Meta's new AI chat sucks at coding
Yesterday, Zuck got on stage to announce Meta's ChatGPT killer, Llama 3, apparently making this bold claim:
Meta says that Llama 3 outperforms competing models of its class on key benchmarks and that it's better across the board at tasks like coding
Coding? You sure about that?
I've been pairing with ChatGPT (using GPT-4) every day for the last few months and it is demonstrably terrible 80% of the time, but 20% of the time it saves me an hour of headaches, so I put up with it anyway. Nevertheless, my experience with Llama 2 was so miserable, I figured Zuck's claim about Llama 3 outperforming GPT-4 was bullshit, so I put it to the test this morning.
TLDR: I asked three questions and Llama 3 whiffed. Badly.
Question 1
Here's the first question I asked, pondering a less messy way to generate URL paths (secretly knowing how hard this is, given that Rails models and controllers are intentionally decoupled):
Llama is confidently hallucinating here. Its recommendation of calling
url_helpers.route_for(model, :edit)
doesn't work, because that's not what the
method is
for.
To be fair, that's a pretty understandable hallucination, given that it clearly wants to fire back an authoritative answer to a question that (in reality) lacks a clear answer. And there's indeed a method that's kinda-sorta related to the task.
When I asked GPT-4, I got a much more plausible answer:
This still doesn't work in my case (because the path I was thinking of is unconventionally namespaced), but it has the benefit of existing for the stated purpose and not raising an error when naively invoked.
GPT: 1, Llama: 0
Question 2
Here's the second question I asked:
Of course, deep_freeze
is not a thing. It has been discussed a number of
times in redmine, but never
implemented.
Asking ChatGPT the same thing:
GPT's answer is clearly superior. I wouldn't actually use this code, because it would only work for one layer of nesting and because half a dozen open-source gems exist for this express purpose, but it definitely beats Llama 3.
GPT: 2, Llama: 0
Question 3
Here's my 3rd and final question (because I gave up, because Llama 3 sucks at coding):
This response makes absolutely no sense. The first code suggestion doesn't wrap the string in single quotes, but rather attempts to make the string singular (as in "not plural"). Clearly Llama 3 failed to parse my request.
The second code block is even more egregious, as there is no such sq
method—and even if there were, what would it stand for? "Single quote"? Llama 3
is clearly unaware that there's any difference at all between a single-quoted
string and a singular inflection of a word.

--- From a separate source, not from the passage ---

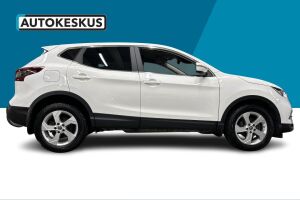 Nissan Qashqai esikatselu 4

Once again, ChatGPT gave me a better answer:
What I was searching for here was, "is there something like
some_string.inspect
I could call that would wrap the string in single-quotes
instead of double-quotes?" The truth is that there isn't, and GPT-4 respected
the absence of any such API by pointing me to
interpolation instead.
GPT: 3, Llama: 0
Welp!
Clearly, Meta's big chatbot coming out party yesterday was a successful bit of marketing, but it remains to be seen how long it will take for Llama to be useful for even pedestrian coding tasks. I'm mad that I wasted my time even trying it, much less writing this up for you.

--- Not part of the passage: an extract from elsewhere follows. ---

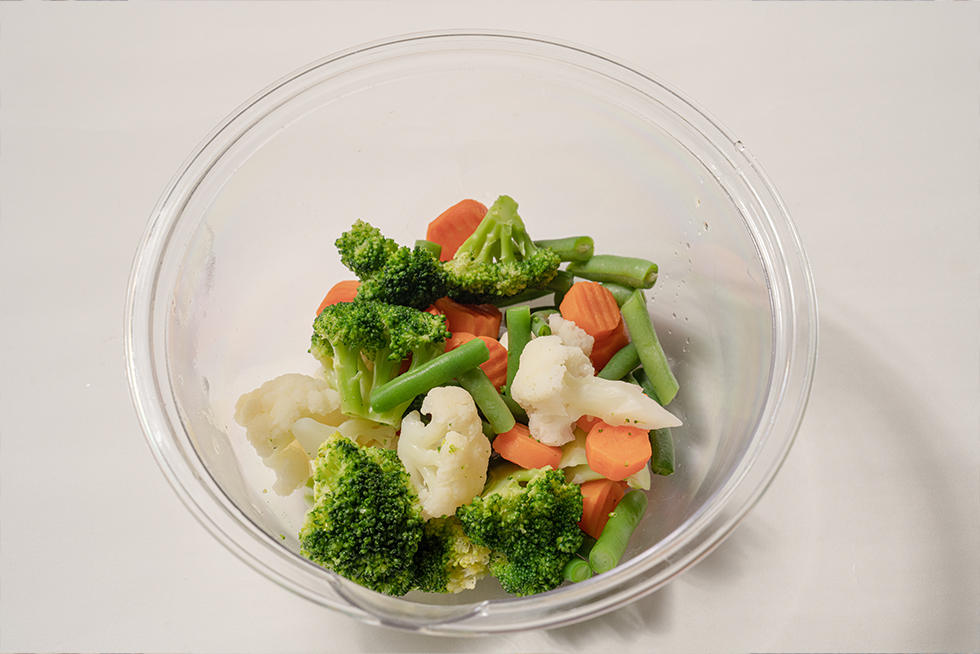 冷凍洋野菜をボウルやタッパーに入れて、袋の表示通りに加熱する。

I agree with John Gruber that OpenAI lacks a moat, but what they still have is a pretty significant head start in the "server-side large-language model" market. Meta and Google are still clearly playing catch-up there. In the long-term, though, OpenAI really does need to figure out a way to avoid being outflanked by the larger platforms.

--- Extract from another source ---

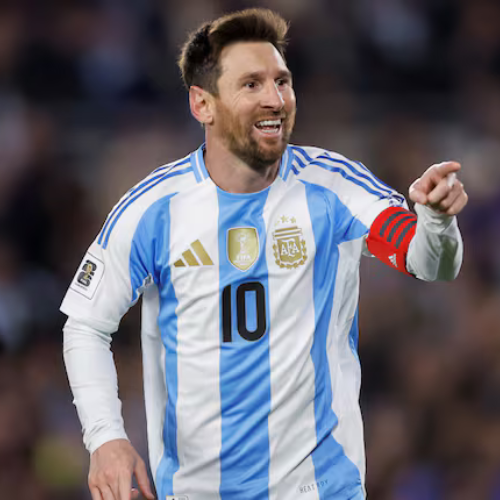Argentina gole&oacute; 3-0 a Venezuela con doblete de Messi en su despedida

In the short term, I suspect Apple is much better positioned to knock the socks off the "client-side large-language model" market, in part because nobody else is really trying. Looking forward to WWDC, I suspect Apple will have a pretty firm "no chatbots" rule—both for their internal apps as well as for third-party apps that take advantage of any new client-side LLM-based APIs. I bet Apple's going to try to force app developers to use these technologies in much more context-rich ways that enhance real application features, instead of each lazily creating chat windows that will only set users up for disappointment and frustration.